In this series, we look at how to get started with the Google App Engine (GAE). Here in Part 1, we look at how to get a development environment set up so you can start creating an application that will run on the GAE. We will see how we can use Eclipse to make developing and debugging your application easier. In Part 2, we build an Ajax mashup using Eclipse and deploy it to the GAE. Finally, in Part 3, we give back to the ecosystem by creating RESTful Web services to our application, so other folks can use it to create their own mashups.
The GAE is a platform for creating Web applications. The biggest prerequisite for it is knowledge of Python, as this is the programming language used on it (currently, Python V2.5.2). For this series, it would be helpful to have some typical Web development skills (e.g., knowledge of HTML, JavaScript, and CSS). To develop for the GAE, you need to download three software packages.
- Eclipse Classic
- I used Eclipse Classic V3.3.2. Later versions will work, too.
- Google App Engine SDK
- Read official documentation from the GAE site and find links to download the SDK.
- PyDev
- PyDev, which turns Eclipse into a Python IDE, can be installed from within Eclipse using the update site at http://pydev.sourceforge.net/updates/.
Installing the latter two software packages is discussed in detail below. If you are new to Eclipse, see Resources to get started.
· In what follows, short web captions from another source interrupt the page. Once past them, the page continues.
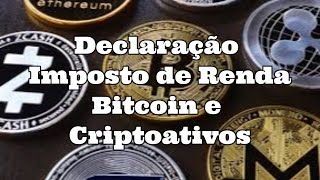 Declaração Imposto de Renda Bitcoin e Criptoativos [upl. by Evvie]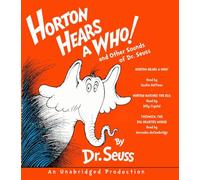 Horton Hears a Who and Other Sounds of Dr. Seuss: Horton Hears a Who; Horton Hatches the Egg; Thidwick, the Big-Hearted Moose (Classic Seuss)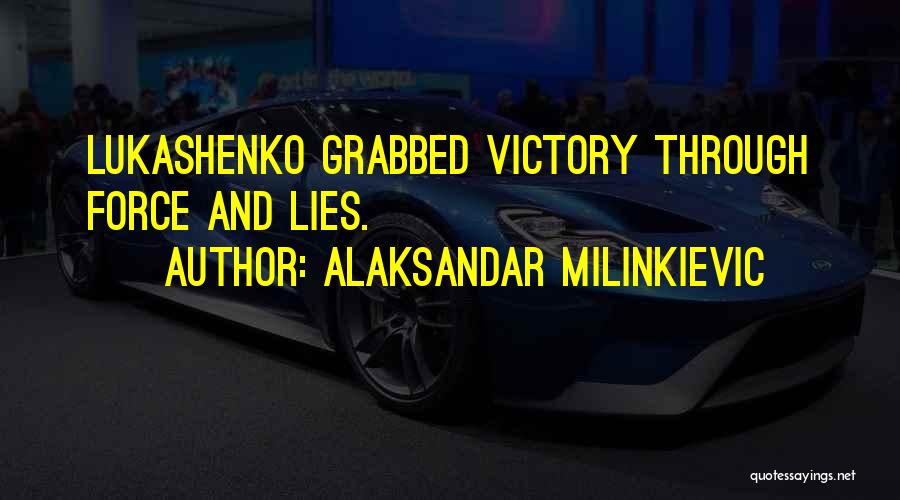 Alaksandar Milinkievic Quotes: Lukashenko Grabbed Victory Through Force And Lies.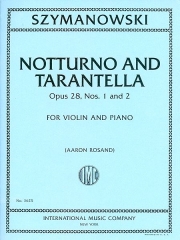 夜想曲とタランテラ・Op.28 ・Nos. 1＆2（カロル・シマノフスキ）（ヴァイオリン+ピアノ）【Notturno and Tarantella, Op. 28, Nos. 1 and 2】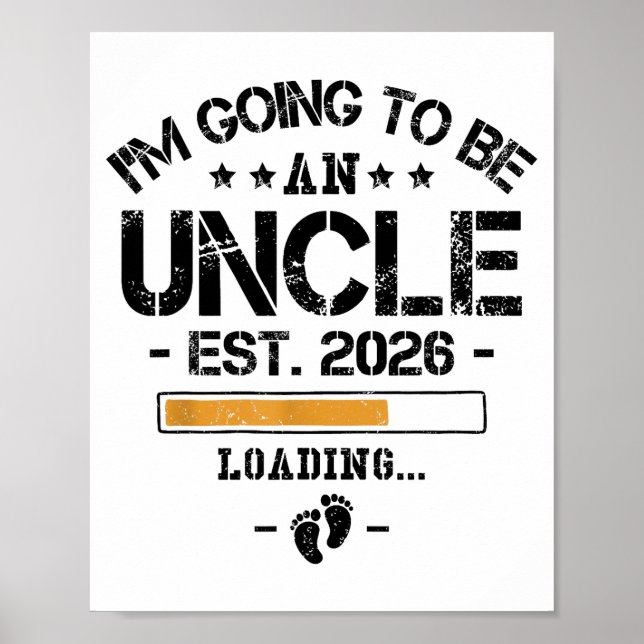 I'm Going To Be An Uncle 2026 - New Baby Announcem Poster (Vorne)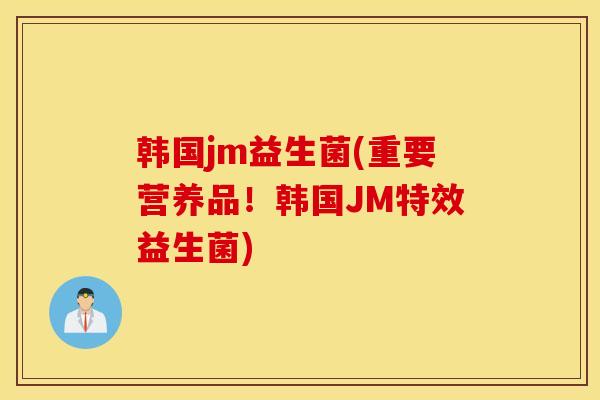 韩国jm益生菌(重要营养品！韩国JM特效益生菌)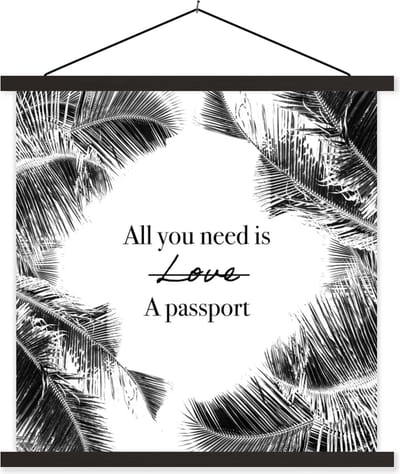 Posterhanger incl. Poster 60x60 cm - Schoolplaat - Spreuken - Quotes - All you need is a passport - Paspoort - Textielposter - Zwarte latten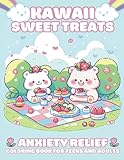 Kawaii Sweet Treats - Anxiety Relief Coloring Book for Teens and Adults: Adorable and simple coloring pages featured cute desserts, cupcake, icecream, ... - Anxiety Relief for Adults, Teens and Kids)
If you have developed Web applications for any amount of time, you're probably used to downloading libraries, Web servers, and databases when you want to get started with a new application stack. Sometimes all of these can be bundled in nice installers to make it a little easier to work with all the moving parts. Once you get everything in place, there are usually even more hoops to jump through to get everything working with your favorite development environment. Fortunately, this is not the case when working with the GAE. Let's take a look at how to get it set up and at how to get it working with Eclipse.
The first thing you need to do to set up the GAE is download the SDK, available for Microsoft® Windows®, Mac OS X, and Linux®. For Windows and Mac OS X, the SDK comes as an installer that will not only install the SDK on your system but will also put a couple key executable scripts on your path for easy use. Figure 1 shows a picture of what the directory structure of the SDK looks like.
Figure 1. GAE SDK directory structure
At the root of the directory, you should see two Python scripts: appcfg.py and dev_appserver.py. The dev_appserver.py script is what you will use to launch a development application server. There is no separate install and no deployment needed for developing and testing your application. The appcfg.py script is what you will use when you are ready to deploy your application to the GAE.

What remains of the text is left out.